Activity: From the line containing "Forty-spotted pardalote nest" down to the line containing "Best Off-Leash Dog Parks in Alberta" in the records below, reproduce every line exactly, ends included, and omit all others.

The records:
== == ==

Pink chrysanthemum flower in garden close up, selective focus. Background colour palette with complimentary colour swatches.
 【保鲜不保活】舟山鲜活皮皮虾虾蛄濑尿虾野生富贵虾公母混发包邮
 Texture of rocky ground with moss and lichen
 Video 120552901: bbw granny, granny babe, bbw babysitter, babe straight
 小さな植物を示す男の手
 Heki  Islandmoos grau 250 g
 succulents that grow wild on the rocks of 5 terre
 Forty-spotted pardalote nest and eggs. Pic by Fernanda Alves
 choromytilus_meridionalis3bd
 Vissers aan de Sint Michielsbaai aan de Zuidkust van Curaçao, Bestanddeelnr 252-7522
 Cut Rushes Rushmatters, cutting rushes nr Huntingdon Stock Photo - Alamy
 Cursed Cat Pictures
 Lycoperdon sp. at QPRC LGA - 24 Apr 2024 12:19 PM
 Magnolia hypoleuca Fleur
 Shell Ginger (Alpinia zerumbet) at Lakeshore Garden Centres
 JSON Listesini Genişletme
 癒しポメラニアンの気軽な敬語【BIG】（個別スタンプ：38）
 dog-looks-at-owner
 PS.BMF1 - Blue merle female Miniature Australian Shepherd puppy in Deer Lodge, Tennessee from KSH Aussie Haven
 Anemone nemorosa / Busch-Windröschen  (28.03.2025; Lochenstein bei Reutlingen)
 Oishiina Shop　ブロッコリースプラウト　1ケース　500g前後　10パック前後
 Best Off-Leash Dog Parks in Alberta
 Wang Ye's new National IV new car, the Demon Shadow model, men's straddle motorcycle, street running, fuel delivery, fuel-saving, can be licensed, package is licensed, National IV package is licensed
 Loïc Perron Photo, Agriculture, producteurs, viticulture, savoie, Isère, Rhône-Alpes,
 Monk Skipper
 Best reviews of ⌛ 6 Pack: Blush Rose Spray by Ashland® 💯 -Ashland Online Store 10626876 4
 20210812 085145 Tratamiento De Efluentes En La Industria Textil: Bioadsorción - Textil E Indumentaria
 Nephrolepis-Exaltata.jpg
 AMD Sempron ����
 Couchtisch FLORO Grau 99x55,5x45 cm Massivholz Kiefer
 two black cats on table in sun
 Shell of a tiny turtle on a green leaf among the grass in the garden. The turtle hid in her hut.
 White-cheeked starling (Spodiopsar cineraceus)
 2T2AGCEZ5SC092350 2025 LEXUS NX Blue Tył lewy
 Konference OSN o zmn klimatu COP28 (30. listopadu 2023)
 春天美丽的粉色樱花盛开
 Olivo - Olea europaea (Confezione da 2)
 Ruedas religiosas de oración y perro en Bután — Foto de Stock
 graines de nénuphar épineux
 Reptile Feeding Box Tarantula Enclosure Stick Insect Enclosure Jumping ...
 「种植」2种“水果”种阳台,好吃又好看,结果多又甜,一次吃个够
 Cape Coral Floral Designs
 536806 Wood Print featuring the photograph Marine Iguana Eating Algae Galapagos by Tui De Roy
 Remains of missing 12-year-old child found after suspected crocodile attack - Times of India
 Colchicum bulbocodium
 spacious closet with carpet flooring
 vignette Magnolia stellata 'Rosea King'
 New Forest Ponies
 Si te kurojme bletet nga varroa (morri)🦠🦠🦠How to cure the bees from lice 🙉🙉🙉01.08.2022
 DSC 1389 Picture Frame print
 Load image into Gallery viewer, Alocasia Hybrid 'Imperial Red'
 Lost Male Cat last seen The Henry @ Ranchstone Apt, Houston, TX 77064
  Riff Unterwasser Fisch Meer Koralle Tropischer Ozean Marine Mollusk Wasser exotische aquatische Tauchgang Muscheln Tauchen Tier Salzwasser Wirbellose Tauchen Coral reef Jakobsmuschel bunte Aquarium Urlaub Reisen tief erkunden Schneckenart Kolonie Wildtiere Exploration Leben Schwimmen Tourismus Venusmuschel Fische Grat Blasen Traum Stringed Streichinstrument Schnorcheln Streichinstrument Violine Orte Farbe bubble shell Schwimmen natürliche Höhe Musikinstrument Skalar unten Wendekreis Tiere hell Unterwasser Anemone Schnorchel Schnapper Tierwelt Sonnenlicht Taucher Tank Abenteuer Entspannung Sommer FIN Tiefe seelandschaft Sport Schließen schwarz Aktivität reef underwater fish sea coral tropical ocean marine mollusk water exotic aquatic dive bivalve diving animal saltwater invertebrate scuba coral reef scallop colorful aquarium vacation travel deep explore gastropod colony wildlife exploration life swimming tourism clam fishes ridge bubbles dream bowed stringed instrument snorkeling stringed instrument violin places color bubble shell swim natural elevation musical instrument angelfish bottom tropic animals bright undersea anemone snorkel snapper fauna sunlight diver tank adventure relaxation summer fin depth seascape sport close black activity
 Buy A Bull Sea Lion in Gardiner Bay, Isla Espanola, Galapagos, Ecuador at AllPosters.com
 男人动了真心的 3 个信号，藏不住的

== == ==

Result of the exercise:
 Forty-spotted pardalote nest and eggs. Pic by Fernanda Alves
 choromytilus_meridionalis3bd
 Vissers aan de Sint Michielsbaai aan de Zuidkust van Curaçao, Bestanddeelnr 252-7522
 Cut Rushes Rushmatters, cutting rushes nr Huntingdon Stock Photo - Alamy
 Cursed Cat Pictures
 Lycoperdon sp. at QPRC LGA - 24 Apr 2024 12:19 PM
 Magnolia hypoleuca Fleur
 Shell Ginger (Alpinia zerumbet) at Lakeshore Garden Centres
 JSON Listesini Genişletme
 癒しポメラニアンの気軽な敬語【BIG】（個別スタンプ：38）
 dog-looks-at-owner
 PS.BMF1 - Blue merle female Miniature Australian Shepherd puppy in Deer Lodge, Tennessee from KSH Aussie Haven
 Anemone nemorosa / Busch-Windröschen  (28.03.2025; Lochenstein bei Reutlingen)
 Oishiina Shop　ブロッコリースプラウト　1ケース　500g前後　10パック前後
 Best Off-Leash Dog Parks in Alberta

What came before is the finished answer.